Owen, who joined Newcastle for a then record-fee from Real Madrid in 2005, reckons that Benitez has an issue with how transfers are organised.
The ex-England forward thinks the Spaniard is keen for more control, but he won’t be given it by owner Mike Ashley.
“I don’t think it’s necessarily about how much he gets,” Owen said on BT Sport when asked if the size of Newcastle’s transfer budget could be a hurdle in Benitez signing a new deal.
“I think it is more a case of the power that he has and the overall control of the transfer, that is what I am led to believe.”
The former Liverpool and Real Madrid manager is out of contract at the end of the season, and he could leave despite fan pleas for him to sign a new deal.

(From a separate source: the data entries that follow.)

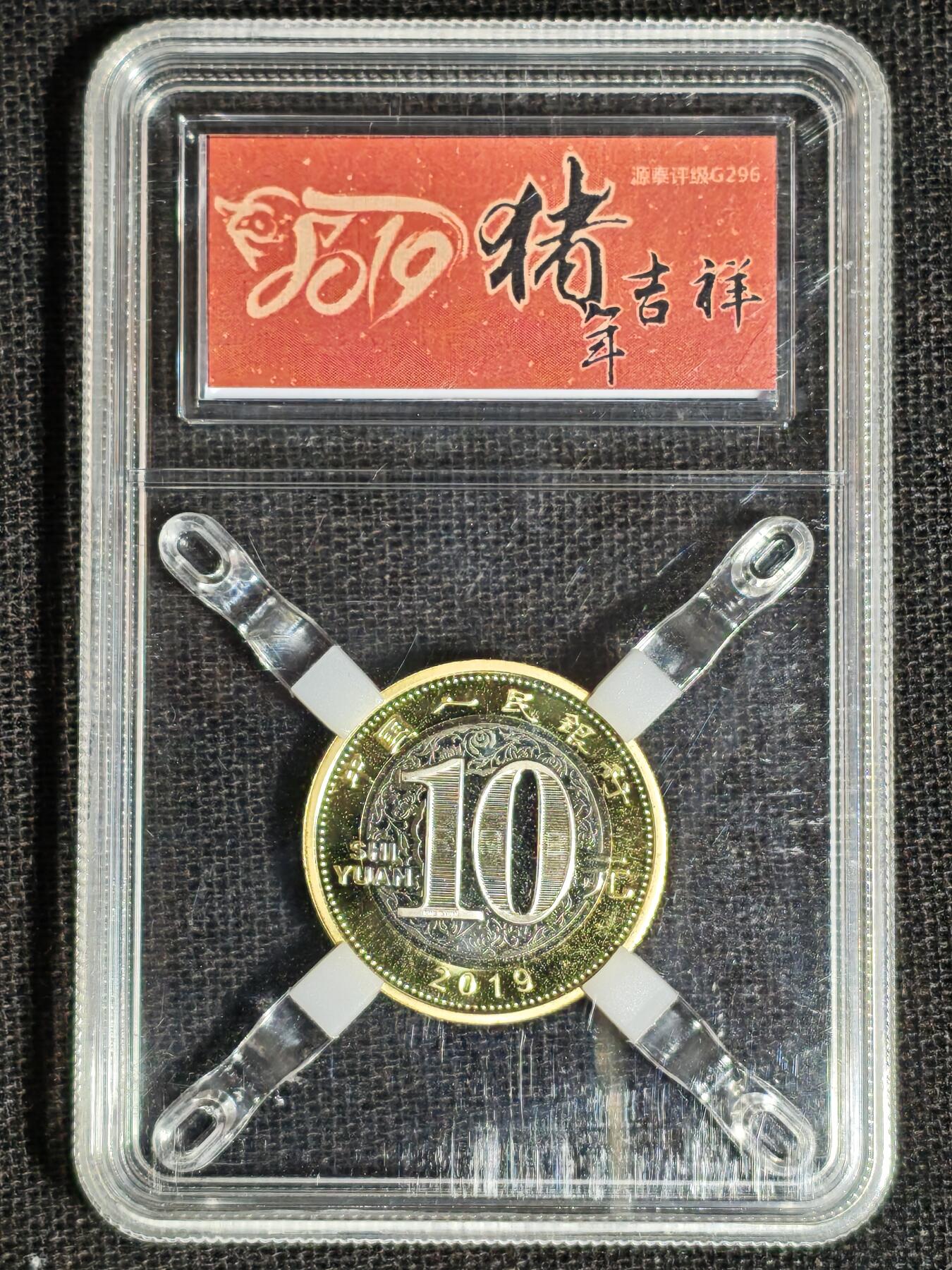 刘世昌艺术品销售中心～虎踞龙蟠*金杨在线联拍群第513期 2019年流通纪念币“己亥猪”【首日标】（源泰评级   96  串号：808069032）1枚。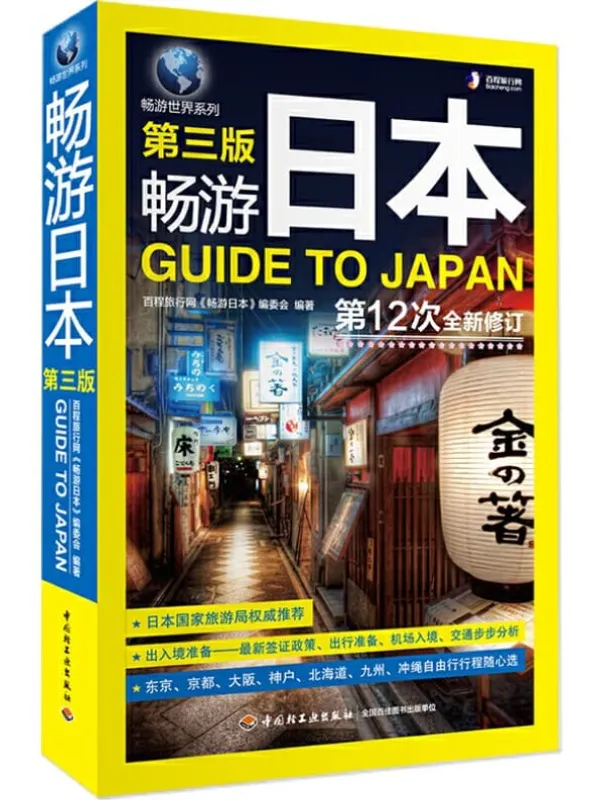 《畅游日本》封面图片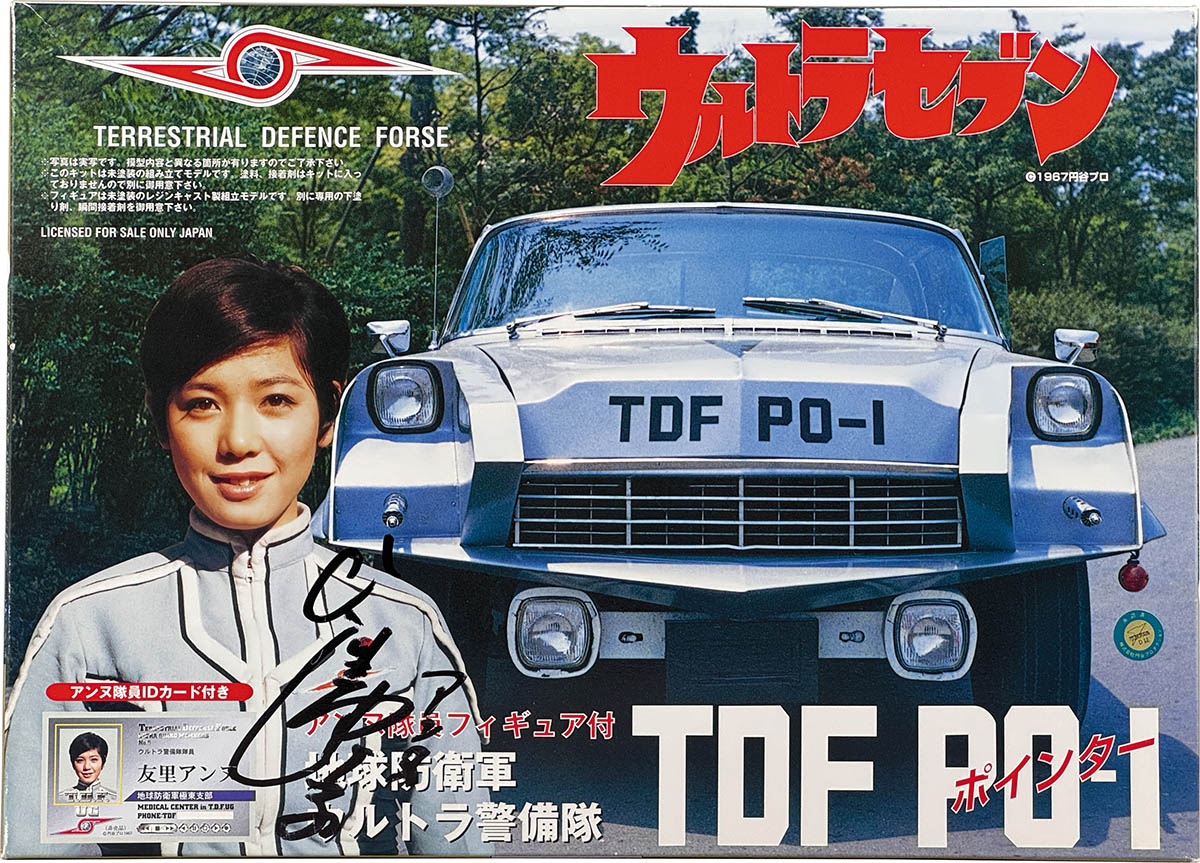 3612] ひし美ゆり子 直筆サイン入りTOY「ウルトラセブン」アンヌ隊員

The control over transfers is proving to be the main stumbling block for the Champions League winning boss, and Owen can’t see it being resolved.
He continued: “That is not normally what happens as clubs any more, that’s what used to happen, but it’s not what happens anymore.
“There are transfer committees, there are lots of difference hoops that you have to jump through before a player can get signed and Rafa doesn’t like jumping through these hoops.
“I just think you have got to be very careful when you give the manager all the power because a big club could come in and he leaves the next minute and then all of a sudden you’ve got no structure.
“You can’t do everything like managers used to, but I just think you have got to conform.
“Even at the top clubs now, everybody has got this structure in place, but I think Rafa just wants full control.”
Benitez spoke out about his future as a manager earlier in the week, and revealed that he plans to work for another 11-years.
“Yesterday I was talking with a friend – 11 years. Eleven years as a manager, that’s fine. You can see Roy Hodgson is still there.
“I like to manage teams, I like to coach players, so I’m happy with that. Always I say we are forward-thinking.
“My staff, they are young people and we are always thinking about how to improve things.”